The court ruled that the Attorney General cannot interfere with the Auditor’s cost. Thanks to Ken Bush for the news.


Comments

Missouri State Court Rules in Favor of Letting Initiative on Abortion Start to Circulate — 6 Comments

  1. Different economic assumptions can result in different cost estimates. When ballot initiatives get approved for the ballot, pro and con supporters should be permitted to publish separate estimates, and let the voters decide.

  2. Who would be the official holder of the con position? There can be many people or groups which oppose something for a variety of different reasons. They may have different estimates. Which one gets to be officially the one published in such a case?

  3. All the laws are vague. If they weren’t, they would not require judicial interpretation. I’d ask how such a system makes sense again, but no one ever answers.

  4. COURTS NOW DECLARING VAGUE LAWS AS UN-CONSTITUTIONAL

    https://constitution.congress.gov/browse/essay/amdt1-2-2-2/ALDE_00000736/
    —-
    U.S. v Davis, 588 US _ (24 June 2019)

    Slip op p. 4
    II
    Our doctrine prohibiting the enforcement of vague laws rests on the twin constitutional pillars of due process and separation of powers. See Dimaya, 584 U. S., at ___–___ (plurality opinion) (slip op., at 4–5); id., at ___–___
    Slip op p. 5
    (GORSUCH, J., concurring in part and concurring in judgment) (slip op., at 2–9).
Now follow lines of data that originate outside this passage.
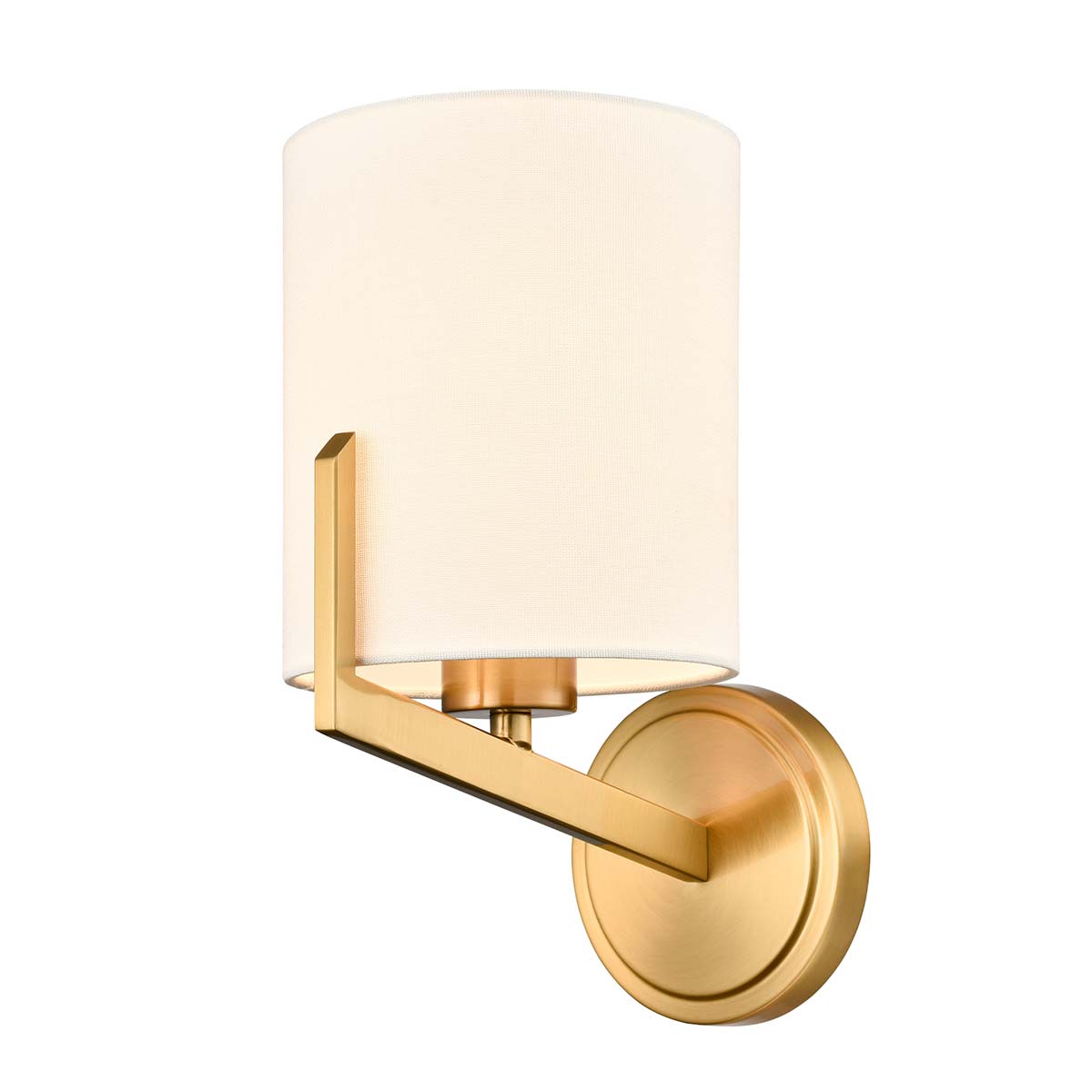 Clifton Single Aged Brass Wall Light With Cream Fabric Shade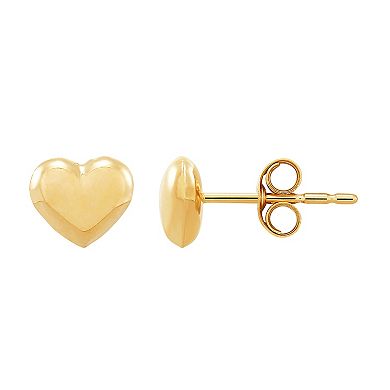 Everlasting Gold 10k Gold Cubic Zirconia & Heart Earrings Set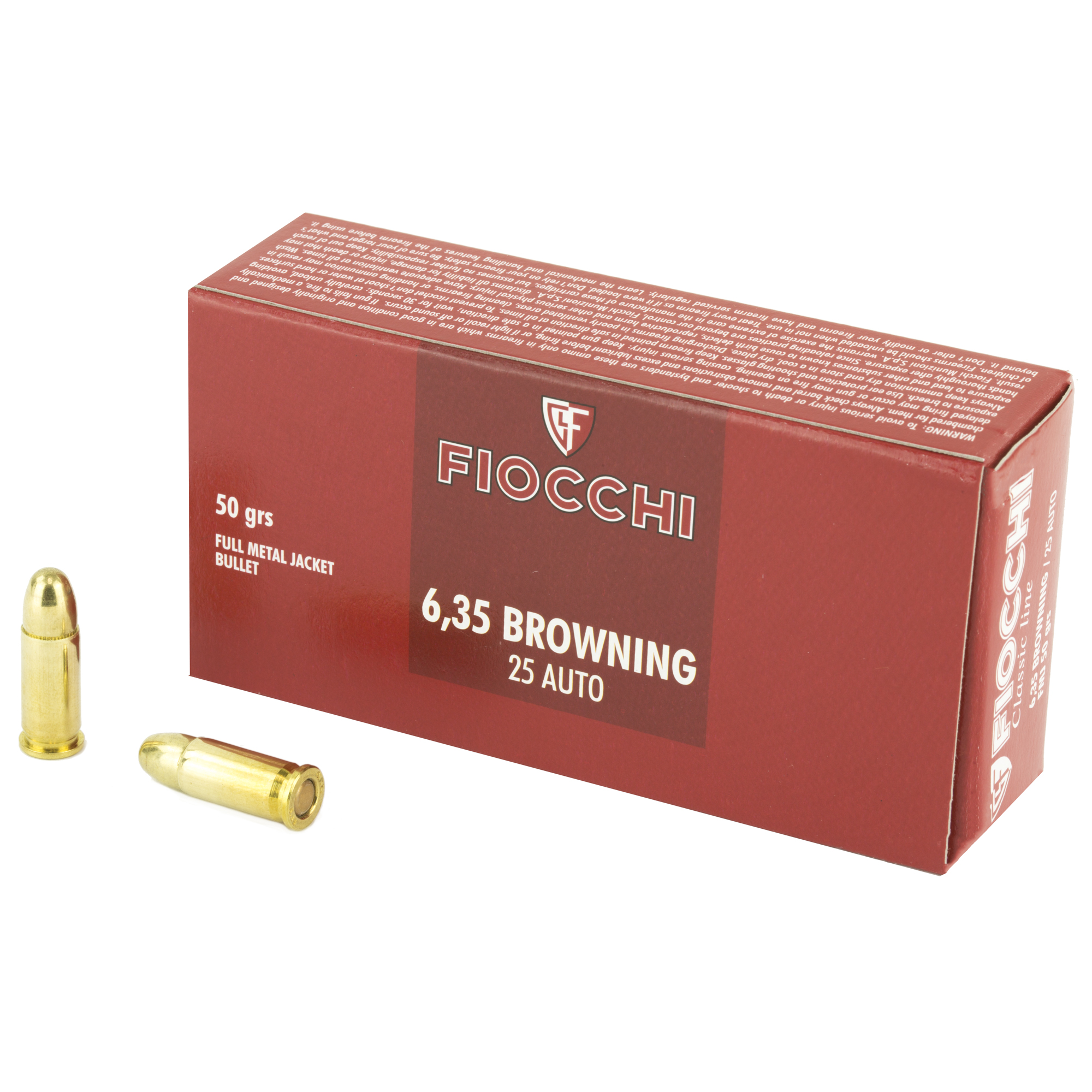 Fiocchi Range Dynamics 25 Acp Full Metal Jacket 50 Grain 50 Rounds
Vague laws contravene the “first essential of due process of law” that statutes must give people “of common intelligence” fair notice of what the law demands of them. Connally v. General Constr. Co., 269 U. S. 385, 391 (1926); see Collins v. Kentucky, 234 U. S. 634, 638 (1914). Vague laws also undermine the Constitution’s separation of powers and the democratic self-governance it aims to protect. Only the people’s elected representatives in the legislature are authorized to “make an act a crime.” United States v. Hudson, 7 Cranch 32, 34 (1812). Vague statutes threaten to hand responsibility for defining crimes to relatively unaccountable police, prosecutors, and judges, eroding the people’s ability to oversee the creation of the laws they are expected to abide. See Kolender v. Lawson, 461 U. S. 352, 357–358, and n. 7 (1983); United States v. L. Cohen Grocery Co., 255 U. S. 81, 89–91 (1921); United States v. Reese, 92 U. S. 214, 221 (1876).
    —-
    HOW MANY VAGUE LAWS IN TYRANT RUSSIA – ESP RE A-N-Y DISOBEY/REBEL STUFF ???

  5. Clearly not. If laws weren’t vague, courts and lawyers would have far less to do than currently, no less in Russia than in the United States. As for tyranny, again, you get a vastly distorted picture from American propaganda.